Friday, January 5, 2018

Dawn of Discovery: The mechanics of diversity


“Why do we need diversity in our games?”
In an ideal world, I wouldn’t have to answer that question. It should be self-evident why making our games more inclusive raises their quality. It should be apparent how the involvement of marginalized peoples broadens our horizons and creates newer, more interesting narratives. However, we do not live in an ideal world.
Dawn of Discovery, or Anno 1404 as it’s known outside America – that is one of the best answers I can provide to that question.  It’s a game that doesn’t just use diversity as an overarching theme. It translates diversity into gameplay mechanics.
The core idea of any city building game is simple – construct a settlement and grow it into a metropolis. The Anno franchise is no different in that respect. Dawn of Discovery’s own take on the classic formula involves the addition of a cross-cultural balancing act. To succeed in game, players must create, expand, and balance the needs of both a Christian and a Muslim city simultaneously.

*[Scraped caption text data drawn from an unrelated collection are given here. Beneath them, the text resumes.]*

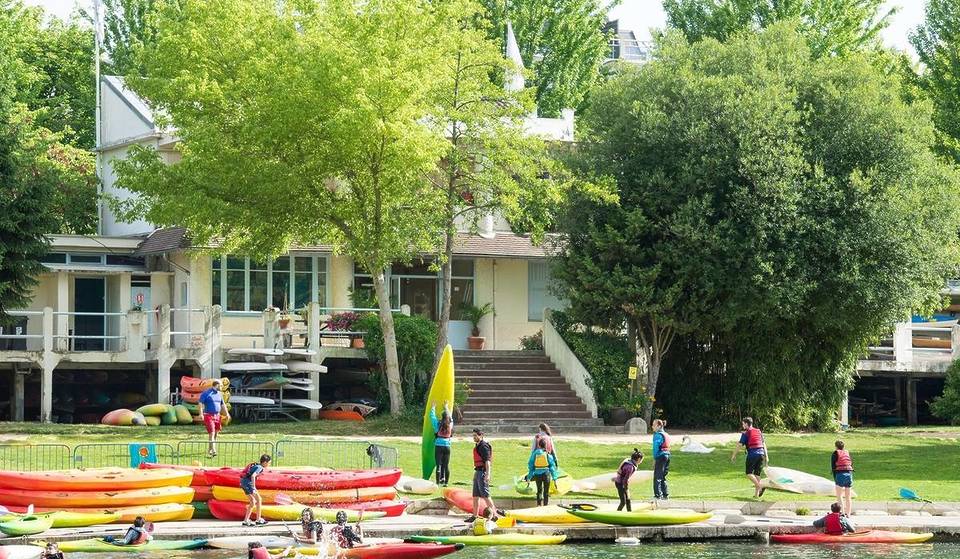 Questa zona balneare a 20 minuti da Parigi è il posto perfetto per rinfrescarsi e sopravvivere all’ondata di caldo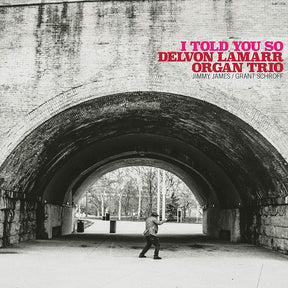 I Told You So (Black Vinyl) (Vinyl)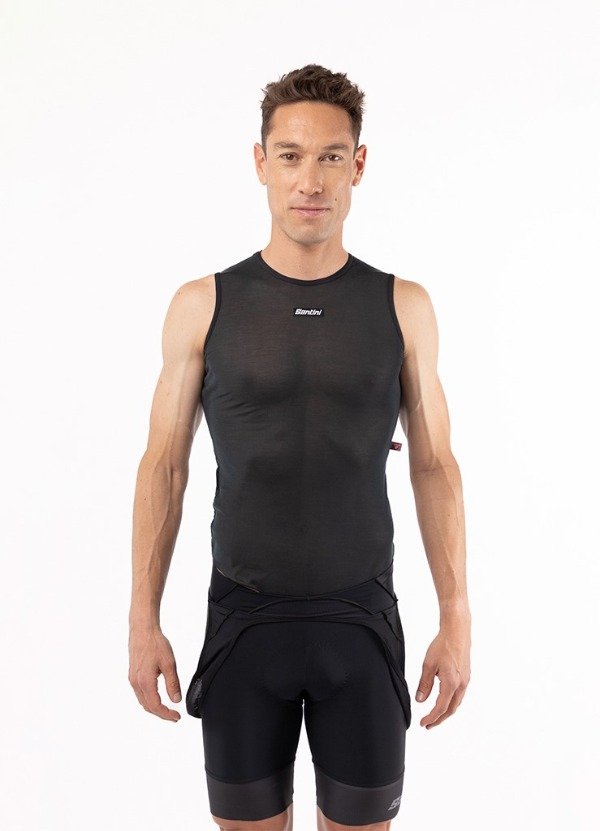 Producto - Calza SANTINI Negra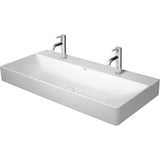 Duravit - DuraSquare Vanity Sink White - White
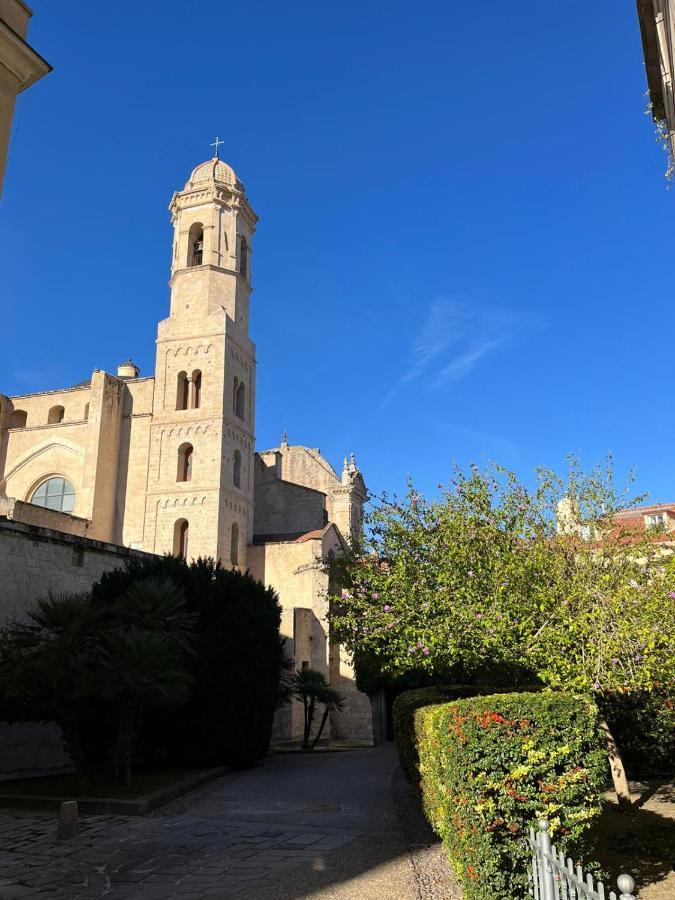 Appartamenti Da Ewa Sassari I Exterior photo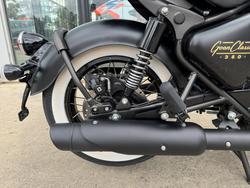 2025 Royal Enfield (see Also Enfiel GOAN 350 SHACK BLACK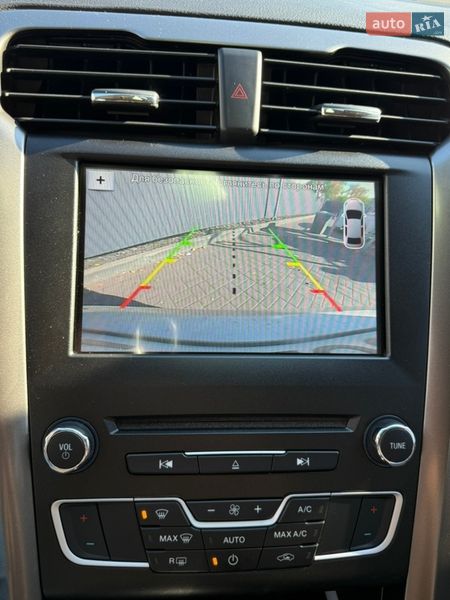 Седан Ford Fusion 2017 в Днепре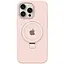Чохол Epik Silicone Case Full Protective with Ring для Apple iPhone 13 Pro 6.1 Pink - мініатюра 1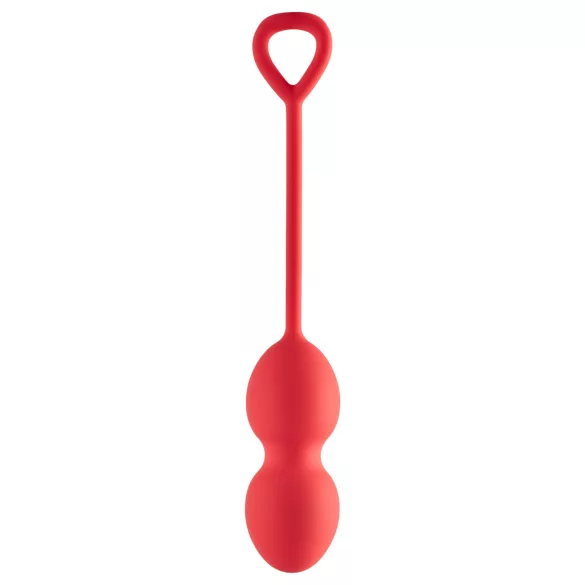 Dreamtoys Love Signal - Geisha Balls Duo (Red)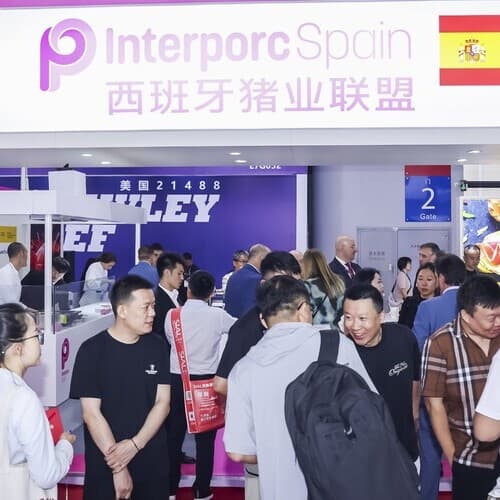 INTERPORC viaja a Asia por tercera vez en 2025 para reforzar el liderazgo del porcino español
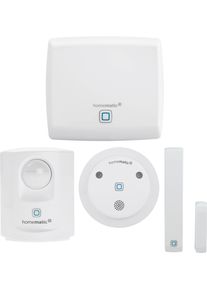 homematic IP Smart-Home Starter-Set »Sicherheit (4-tlg)« in weiß, Größe 0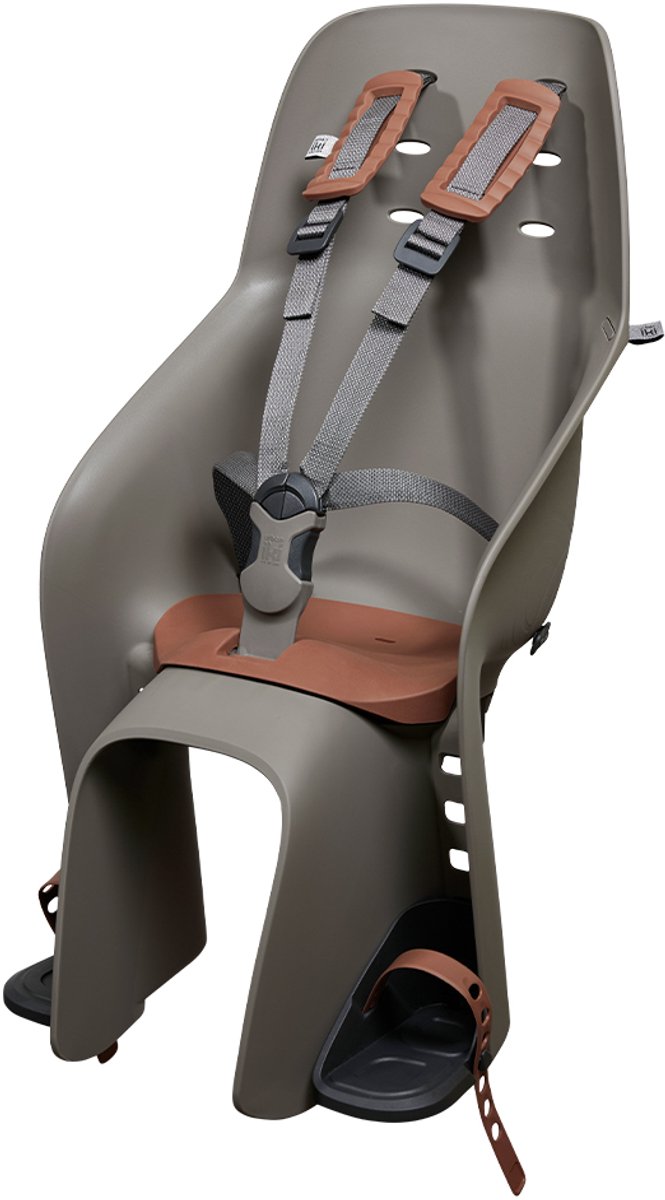 Urban Iki achterzitje u-me – mik hd - suzume grey kuriiro brown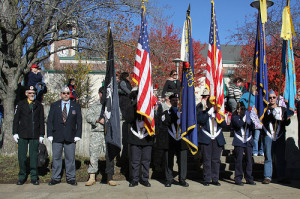 Quotes for Veterans Day 2012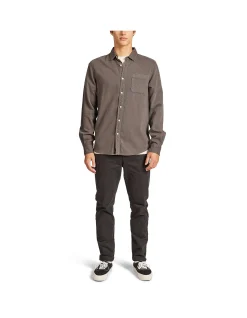 MCQUEEN TWILL SHIRT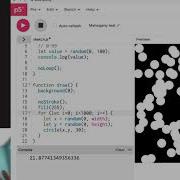 CP1 Randomness In P5JS Random Basics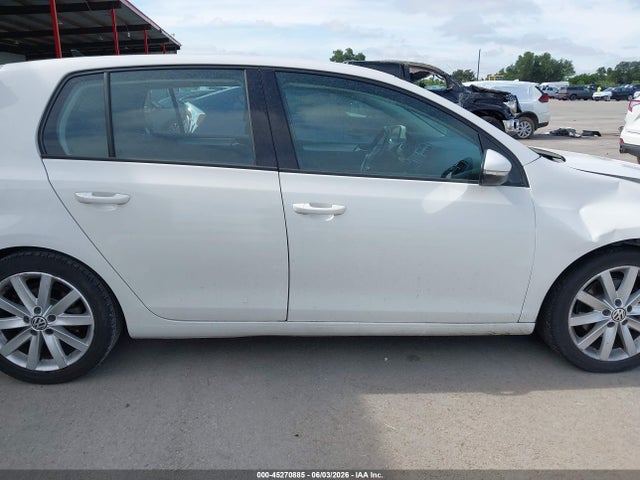 Продажа на аукционе авто 2011 Volkswagen Golf Tdi 4-door, vin: WVWNM7AJ2BW011432, номер лота: 45270885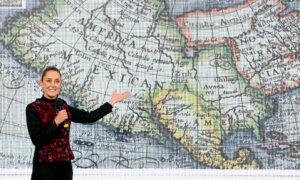Mexico Threatens to Sue Google Over ‘Gulf of America’ Naming Dispute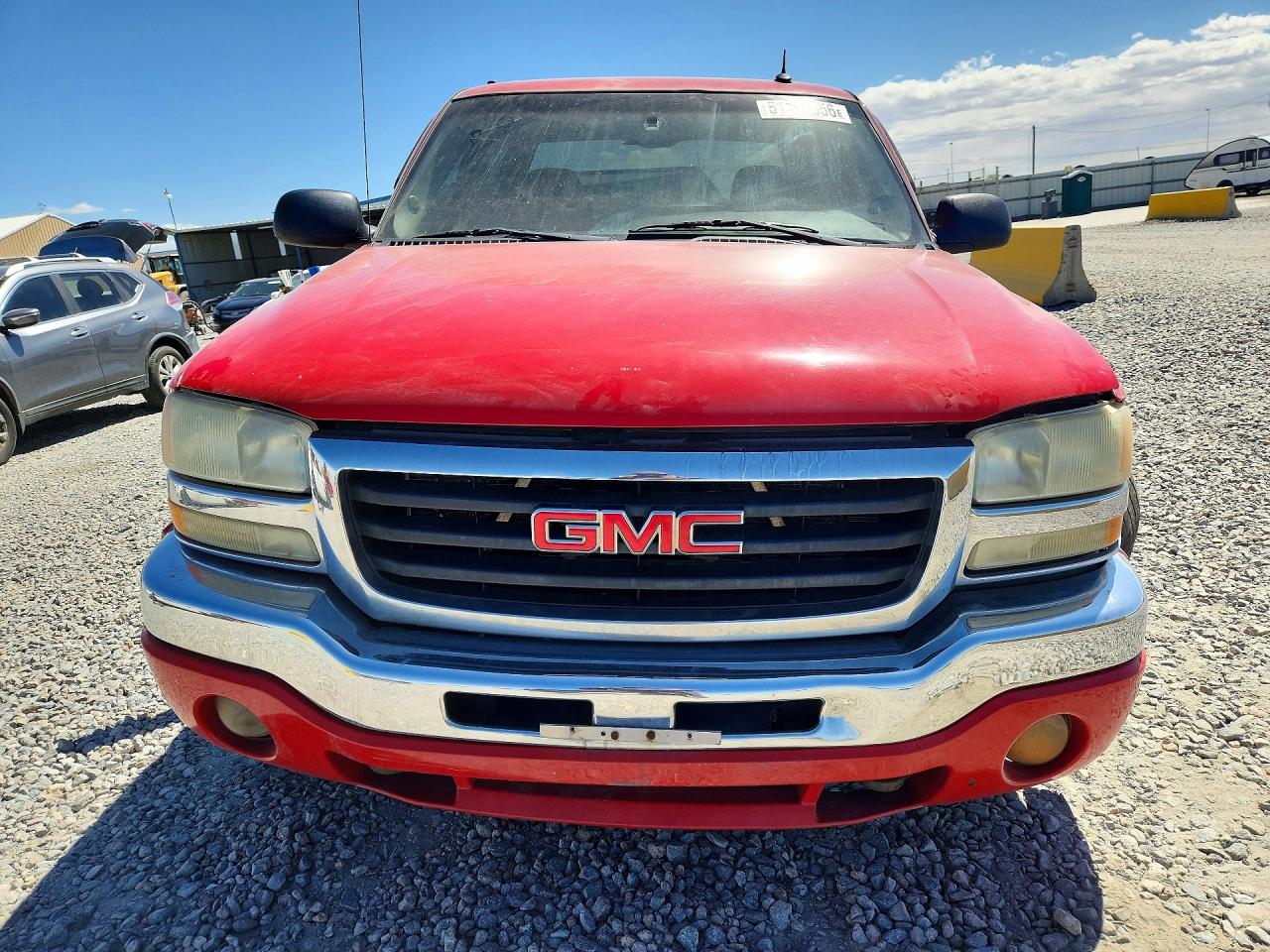 GMC Sierra K1500 Heavy Duty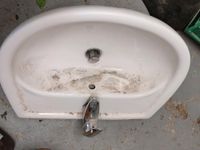 Waschbecken mit Amateur (gebraucht) Nordrhein-Westfalen - Marsberg Vorschau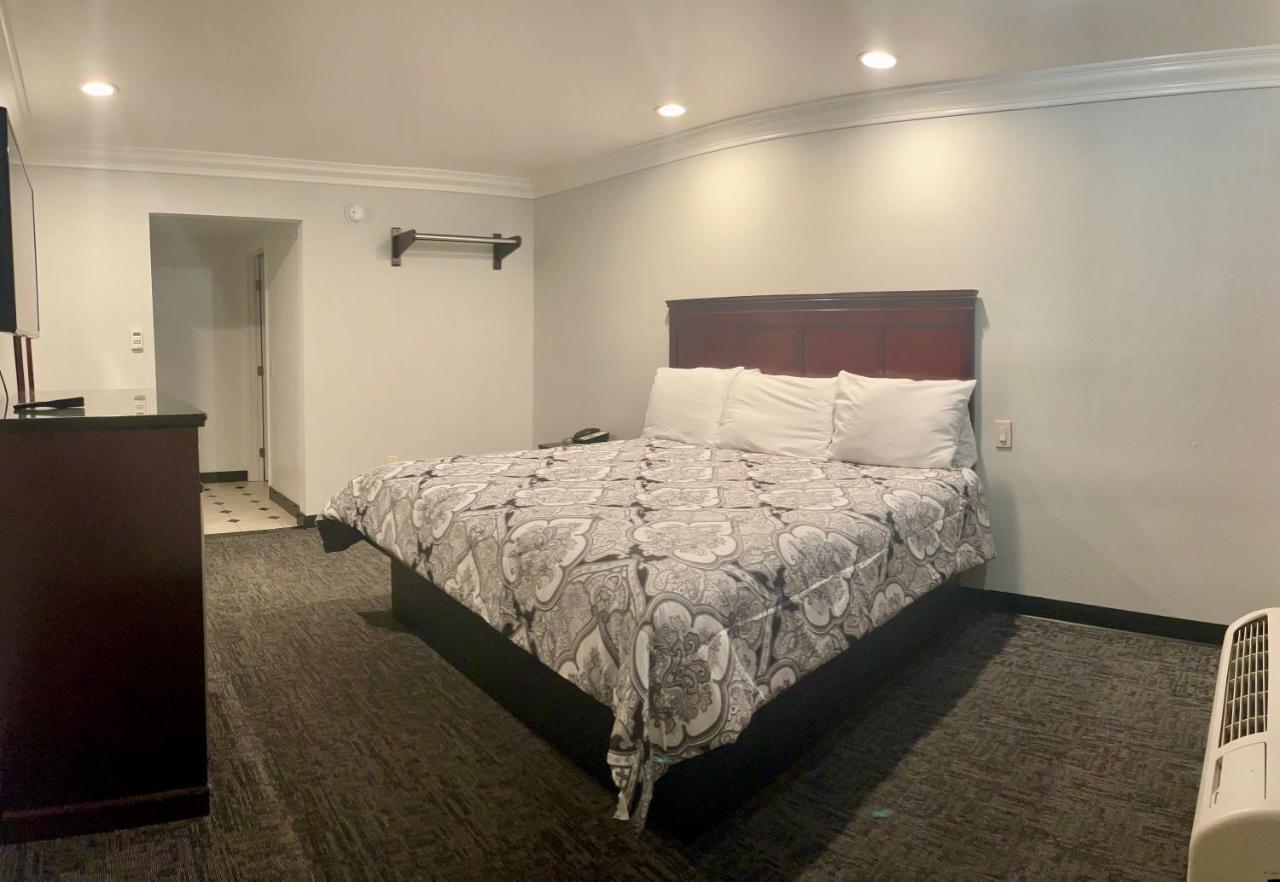 Capital City Inn Downtown Convention Center Σακραμέντο Εξωτερικό φωτογραφία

 Initially, the player is put in charge of a Christian, European island settlement and tasked with meeting their people’s needs. Meeting these needs early game is a fairly simple process – merely requiring the player to build the correct structures. As the game progresses and the townspeople become more affluent however, their wants and needs become more extravagant. Further progression requires players to ally with their Muslim, Middle-Eastern neighbors and create a second major city. This second settlement isn’t merely a colonialist resource pit to be exploited for the benefit of the player’s initial European settlement – it is a completely distinct, independent entity which requires just as much player investment to function. More important than the depth of the Middle-Eastern city, however, is its distinctness.
Creating resource supply chains is a staple of many city building games and Dawn of Discovery is no different. The distinctness of the Middle Eastern city, based on real life cultural and religious differences from European civilizations, adds an interesting layer of complexity to DoD’s take on supply chains. A great example of this complexity in action is the primary thirst meter of your cities’ inhabitants. In your initial European settlement this meter is lowered by distributing alcohol amongs your citizens. It would have been a simple to have your Middle Eastern citizens behave similarly. However, as many might know, alcohol is a taboo in the Islamic world – having your obviously Muslim townspeople openly engaging in drunken revelry like their Christian counterparts would have been rather historically inaccurate. An easy solution to this problem might have been simply renaming the various alcohols to something more universally acceptable like water. Related Designs Software (currently known as Blue Bytes Mainz), however, took a different approach. Alcohol remained as the primary thirst quencher in the European settlements. However, the thirst meter of the player’s Middle Eastern citizens could only be lowered using milk.
Because of how interconnected supply chains are in an Anno title, mutually exclusive primary resources like alcohol and milk make for interesting logistics puzzles. The level of interdependency between the two different cities required for both to progress also compound the puzzle and enable players to make some truly interesting choices for the sake of progression.
This is just one of the many interesting mechanics that make Dawn of Discovery stand out amidst other city builders. Most of these mechanics wouldn’t exist in game if it weren’t for diversity. At a time when most major titles were content with simply portraying Muslims as terrorists to be shot or bigots to be scorned, Dawn of Discovery approached its subject matter with respectful understanding and in doing so facilitated the creation of unique mechanics.
It is very likely that I am overselling the degree of interdependency between the two cultures in game. It is equally as likely that some of the mechanics I am fawning over have unfortunate colonialist implications. Regardless, the game at least appears to handle Islam thoughtfully and that too in 2009. It’s been almost a decade since and I have yet to play a game that does something similar.